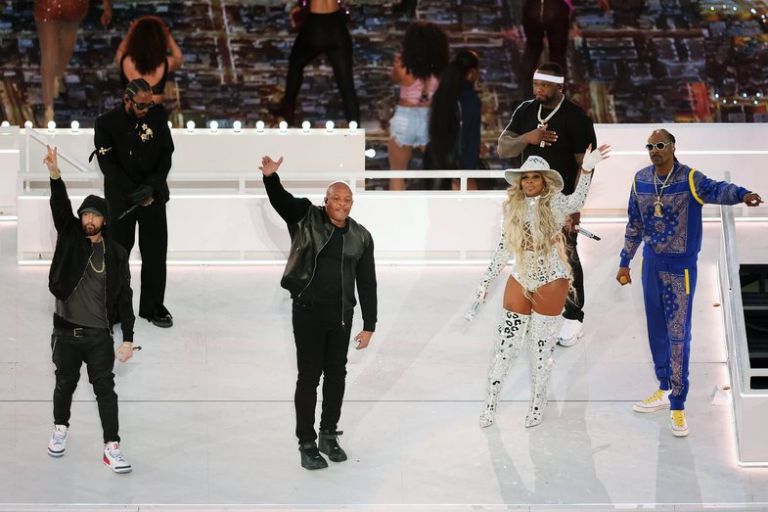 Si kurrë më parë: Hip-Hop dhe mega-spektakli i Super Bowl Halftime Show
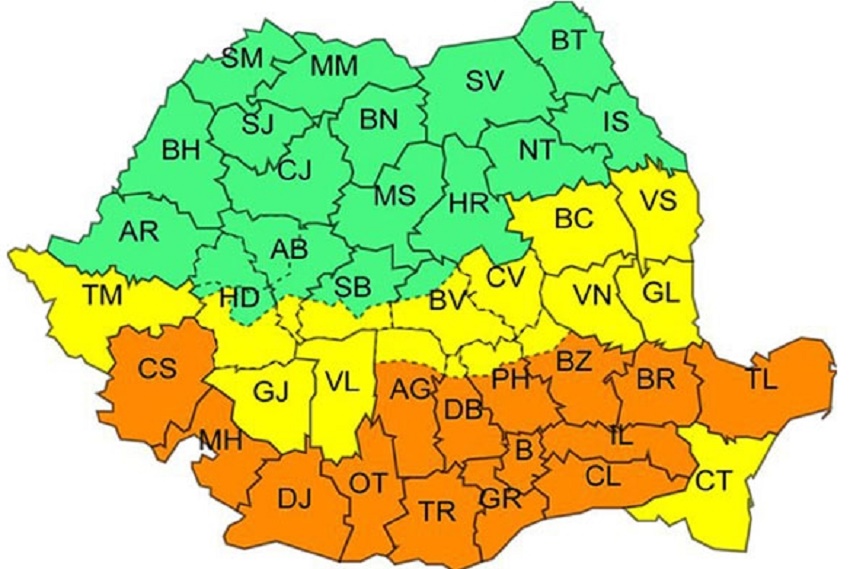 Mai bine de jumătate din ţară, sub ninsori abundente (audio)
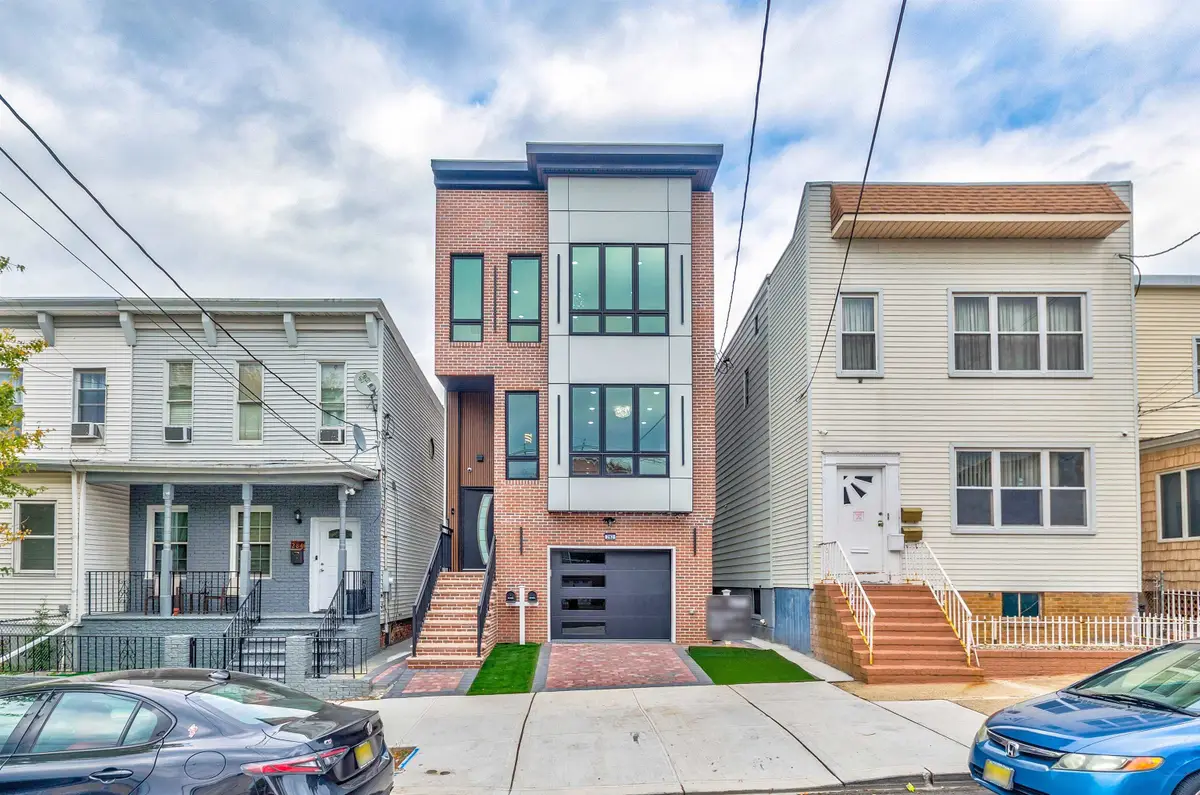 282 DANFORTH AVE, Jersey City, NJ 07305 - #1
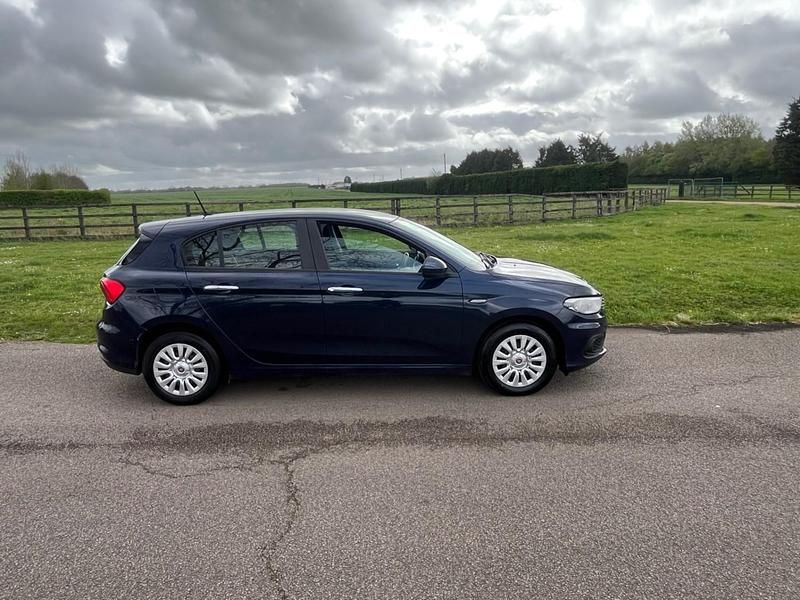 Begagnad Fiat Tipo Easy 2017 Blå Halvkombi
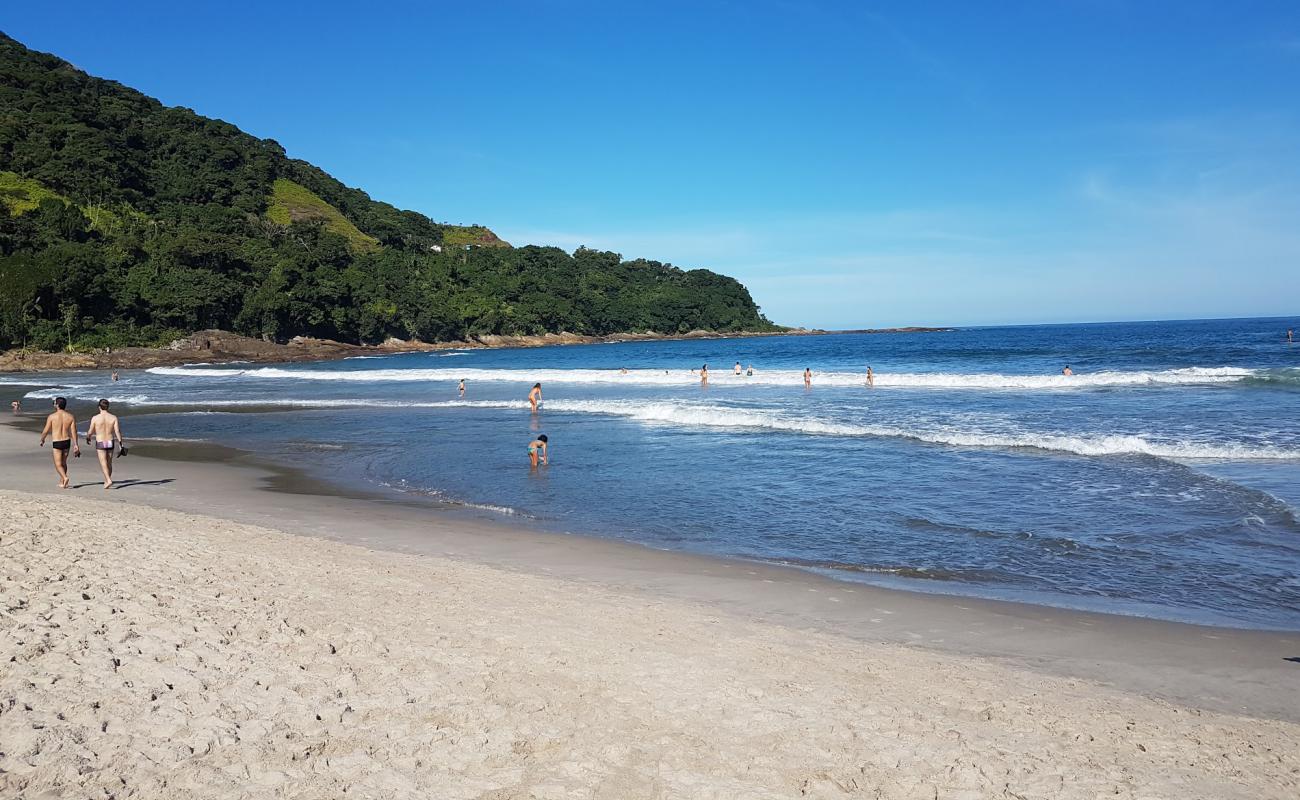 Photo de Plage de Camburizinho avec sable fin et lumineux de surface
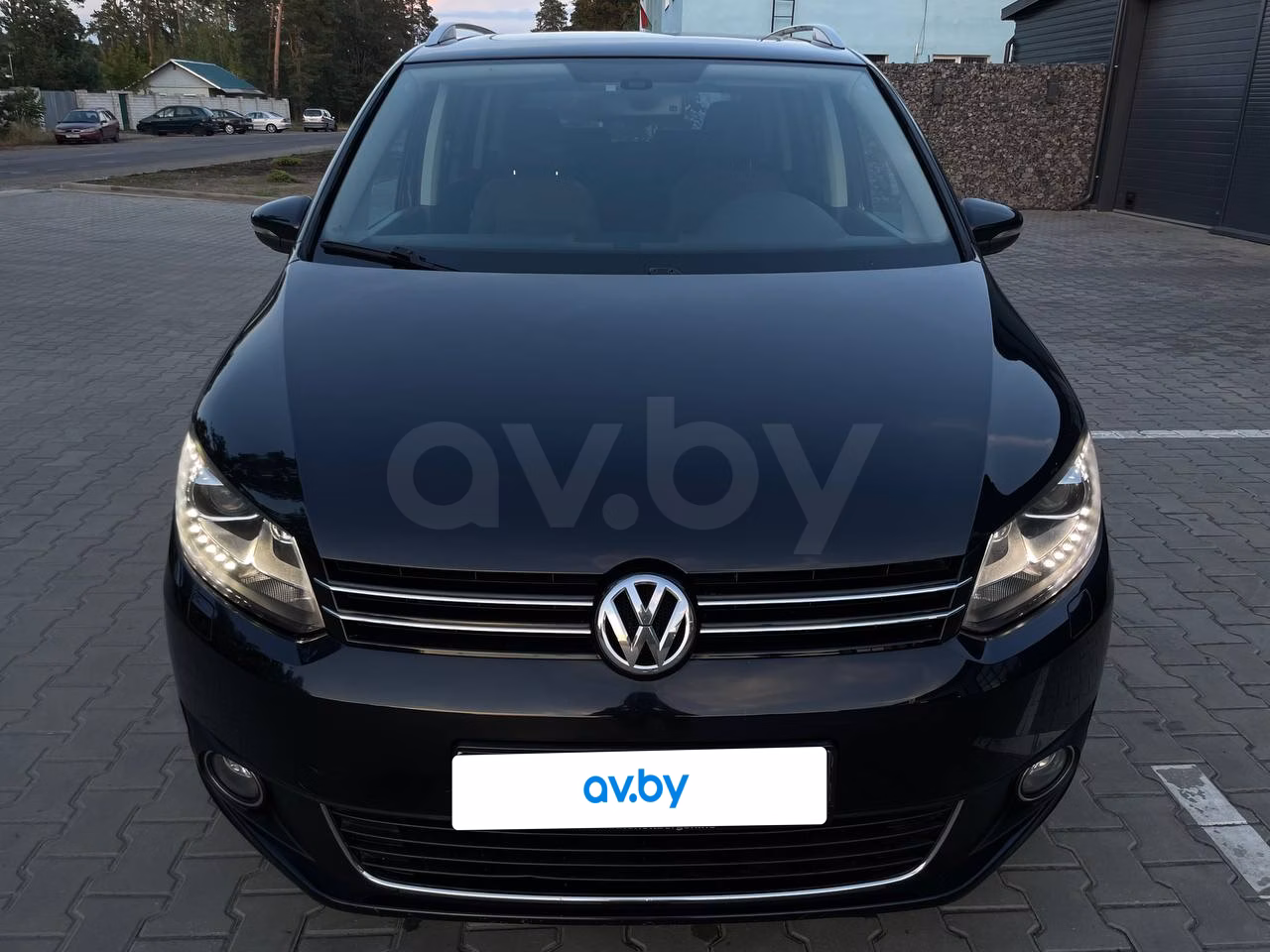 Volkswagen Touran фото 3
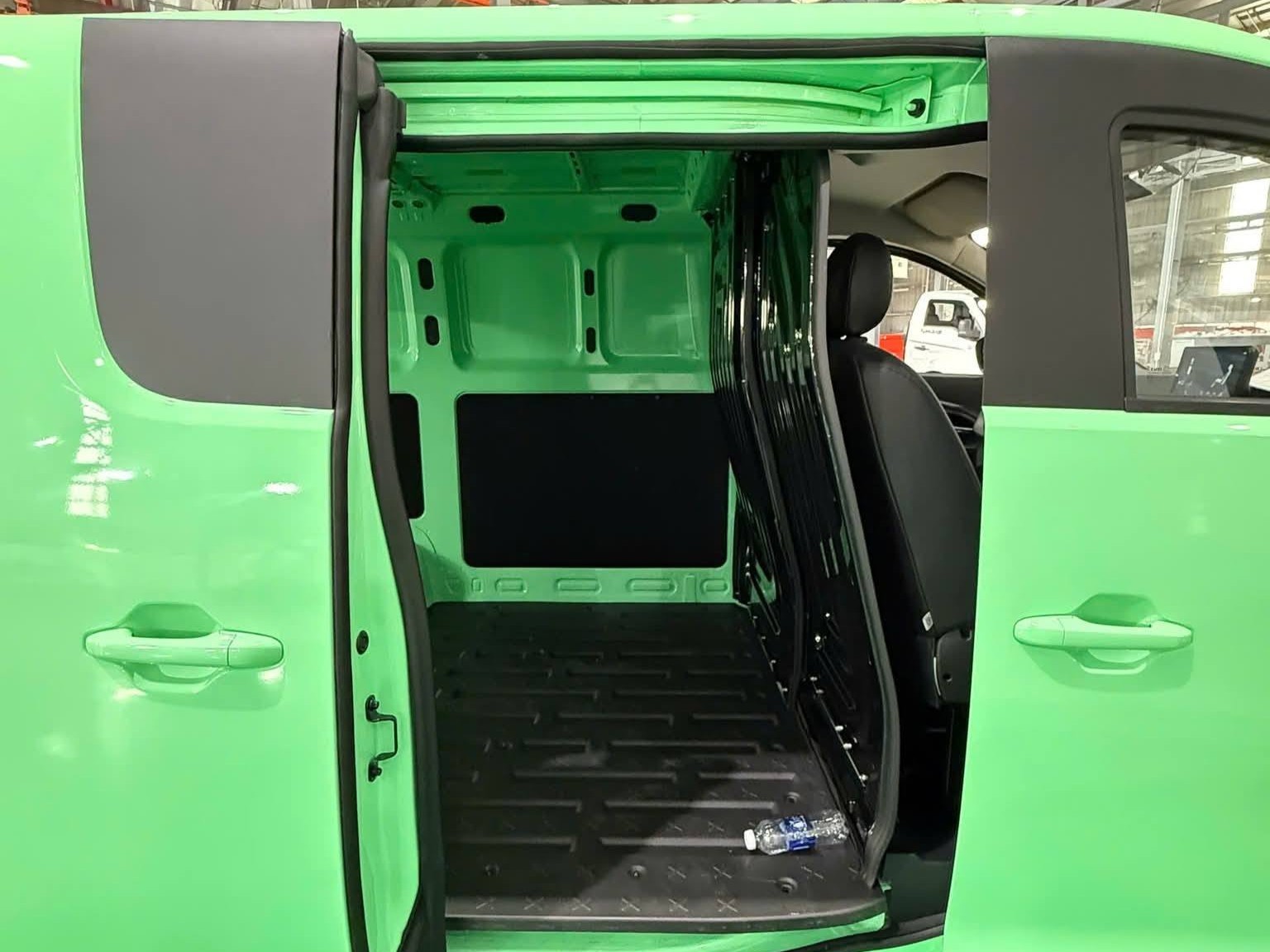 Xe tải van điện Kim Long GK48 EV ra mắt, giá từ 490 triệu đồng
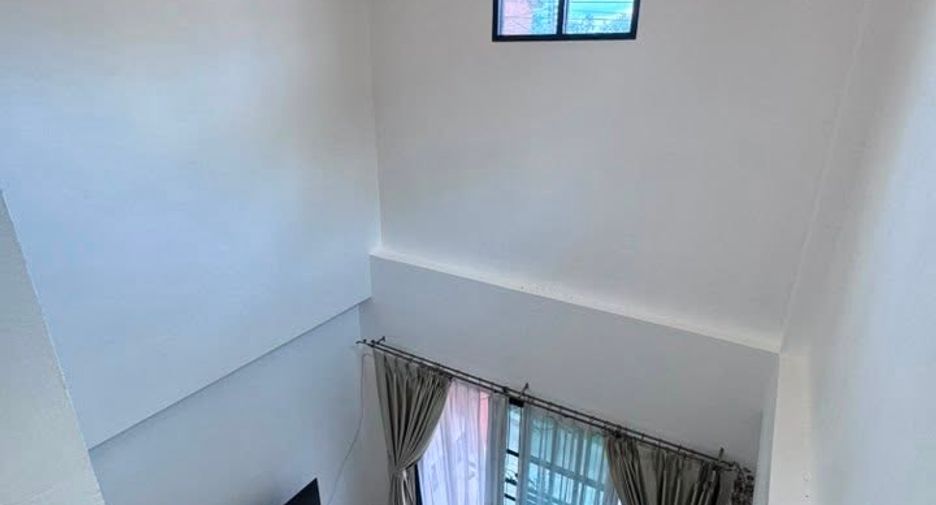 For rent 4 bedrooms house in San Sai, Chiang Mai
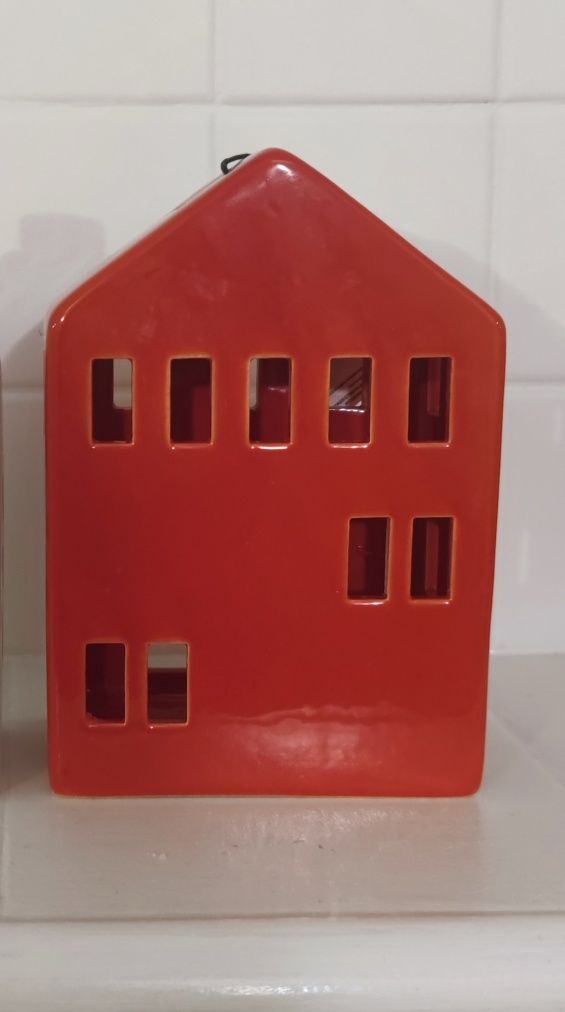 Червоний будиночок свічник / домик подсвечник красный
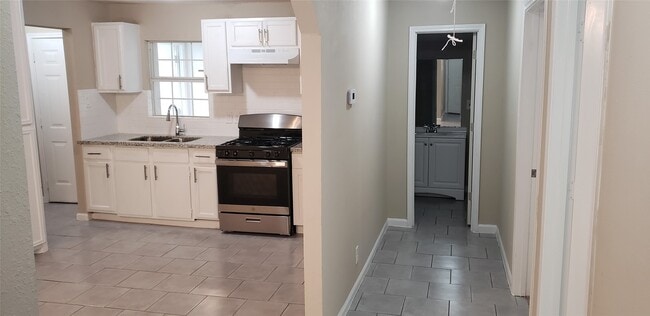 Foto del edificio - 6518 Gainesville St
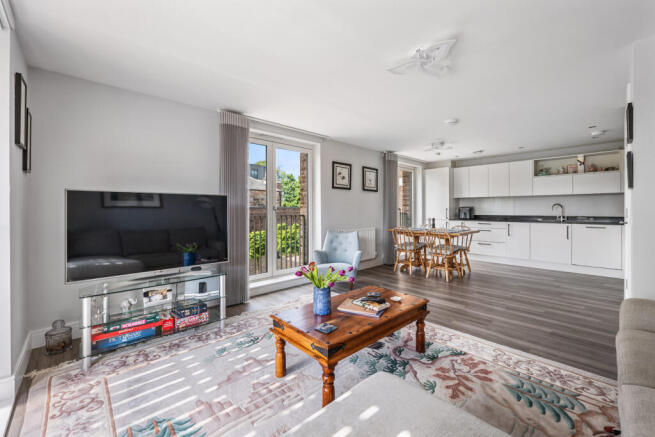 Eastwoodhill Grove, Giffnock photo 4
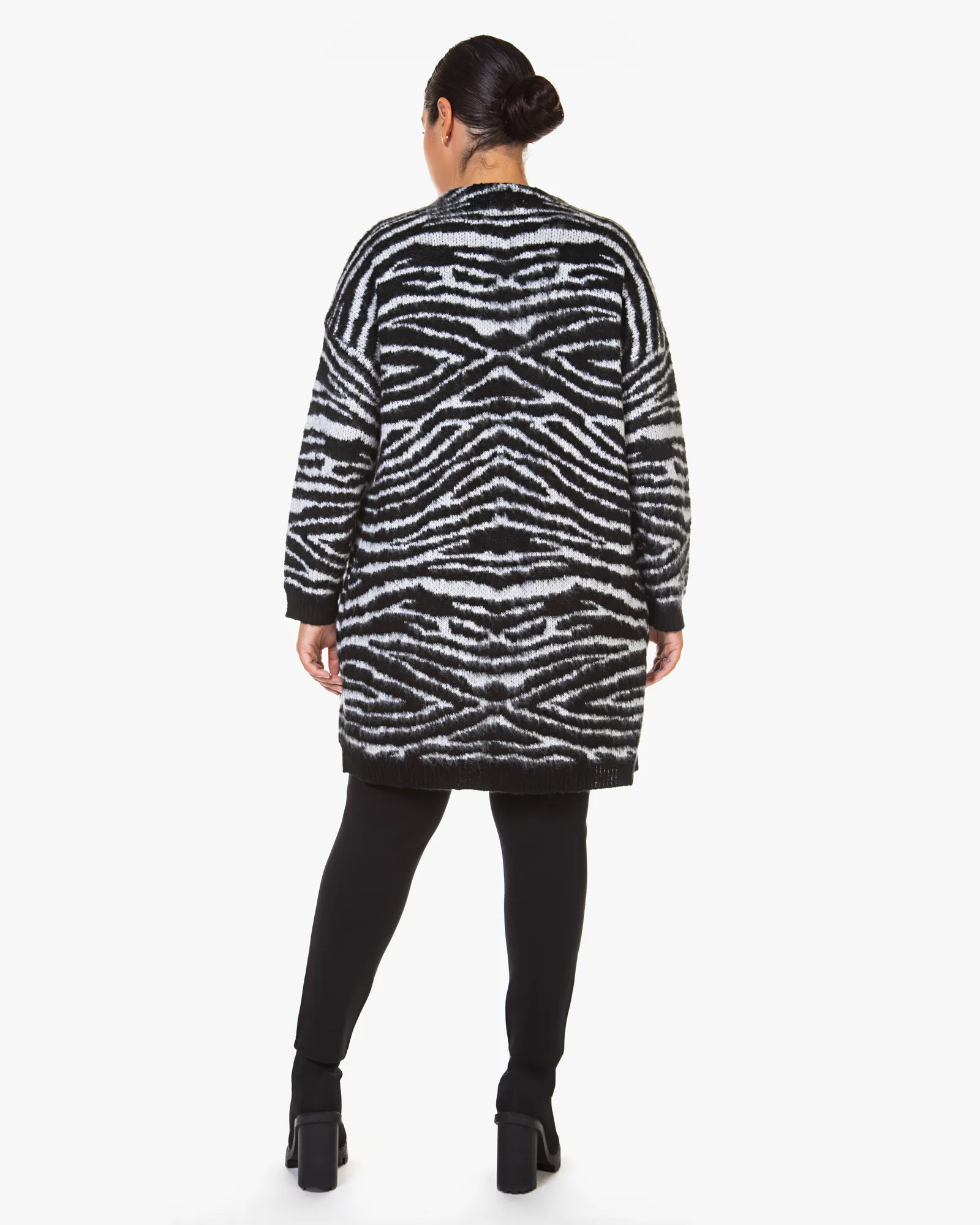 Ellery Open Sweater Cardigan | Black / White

Task instructions
Extract the run of lines beginning with the line that holds "Photo de Plage" and ending at the last line of the data, inclusive. Exclude any pictures from the copy.

Response to the task
 Photo de Plage de Camburizinho avec sable fin et lumineux de surface
 Volkswagen Touran фото 3
 Xe tải van điện Kim Long GK48 EV ra mắt, giá từ 490 triệu đồng
 For rent 4 bedrooms house in San Sai, Chiang Mai
 Червоний будиночок свічник / домик подсвечник красный
 Foto del edificio - 6518 Gainesville St
 Eastwoodhill Grove, Giffnock photo 4
 Ellery Open Sweater Cardigan | Black / White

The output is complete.